I remind you that I did not mention any names. _You_ did that with this post.


----------



## cwaring (Feb 12, 2002)

I wonder if I might get more for the individual parts - a 200GB hard drive and a network card - and just sell the Tivo itself for spares. It's a thought.


----------



## Teepee (Aug 24, 2004)

I wish you luck with your Tivo sale but I think you might be better letting it go for parts. I recently bought a 40Gb. one with lifetime subcription on Ebay for £41. The early susbcribers will have had the benefit of their £200 investment if they have had the machine for some years. I feel rather sorry for the monthly subscribers, there is very little chance of selling those machines on Ebay with l/t sub. models going so cheaply now. I would be interested in the Turbonet card, if you are splitting the parts, they are always handy. :up:


----------



## cwaring (Feb 12, 2002)

Yep. I decided to do that when dad decided that he may as well use the Tivo in another room than sell it for that price. So I removed the Terbonet card! It's on 'first refusal' offer to someone at the mo


----------



## cwaring (Feb 12, 2002)

So... anyone want an original TerboNet card?










£26 all-in. Payment by Paypal please. Dispatch tomorrow if paid today.

*BEEN SOLD*


----------



## cwaring (Feb 12, 2002)

I forgot to re-set the Tivo to use dial-up when I removed the network card. It doesn't reset it when I 'clear and delete everything', does it?

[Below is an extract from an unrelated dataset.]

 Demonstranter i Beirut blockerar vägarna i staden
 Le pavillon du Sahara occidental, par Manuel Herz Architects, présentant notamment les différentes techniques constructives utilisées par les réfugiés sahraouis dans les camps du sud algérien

Looks like I'll have to have to temporarily re-fit it to sort it out then. Or remove the drive and use my PC I suppose.

Oh boll......

*ETA*:
If the driver doesn't detect the card, does it automatically fall-back to dial-up?


----------



## mikerr (Jun 2, 2005)

cwaring said:


> *ETA*:
> If the driver doesn't detect the card, does it automatically fall-back to dial-up?


Yep, so no need to put it back in


----------



## Pete77 (Aug 1, 2006)

cwaring said:


> Actually, I'm a little concerned. When Tivos come up for sale on here they're usually snapped-up fairly quickly. Not so in this case. I wonder why? Did I put people off with my descriptions or something?


Actually direct adverts by people selling their own Tivos on here (especially when they also include the price of the Tivo and a picture) are supposed to be against the forum rules and to the best of my memory yours are about the only direct advertisements for Tivos that I have seen on here.

I have seen several people say that sadly they and their Tivo are parting company and that they are putting it up for sale on Ebay without putting in a direct link to the Ebay ad (as the latter would again definitely be contrary to the forum rules) but yours seems to be the only example I have seen of somebody totally flouting the well known forum rule that this place is not for selling bits of Tivo equipment.

From www.tivocommunity.com/tivo-vb/rules.html



> *Please note that advertisements, chain letters, pyramid schemes, and solicitations are very inappropriate on this Forum.*
> 
> Special Note to dealers, re-sellers, or any person or company that deals in equipment or products for sale. You are not allowed to post items for sale on the Forums. This also holds true for manufactures not being able to promote their products inside the TiVo Community Forum sites. *TiVo Community Store is the only dealer/re-seller allowed to post items for sale inside the Forum or promote manufacture items. If you need promotion services, this Forum offers banner advertising. This, again, also holds true for individuals looking to sell used gear or "special deals" that they may have.* This is further carried into the Forum signatures and the private message feature. On the same note...REFERRAL CODES are not allowed to be referenced for they are a sales tool.


----------



## appleye1 (Jan 26, 2002)

Pete77 said:


> Actually direct adverts by people selling their own Tivos on here (especially when they also include the price of the Tivo and a picture) are supposed to be against the forum rules and to the best of my memory yours are about the only direct advertisements for Tivos that I have seen on here.
> 
> I have seen several people say that sadly they and their Tivo are parting company and that they are putting it up for sale on Ebay without putting in a direct link to the Ebay ad (as the latter would again definitely be contrary to the forum rules) but yours seems to be the only example I have seen of somebody totally flouting the well known forum rule that this place is not for selling bits of Tivo equipment.
> 
> From www.tivocommunity.com/tivo-vb/rules.html


Actually there is now a special forum here, called eBay Auction Central. It's specifically for members wanting to notify others of their eBay auctions of Tivo equipment.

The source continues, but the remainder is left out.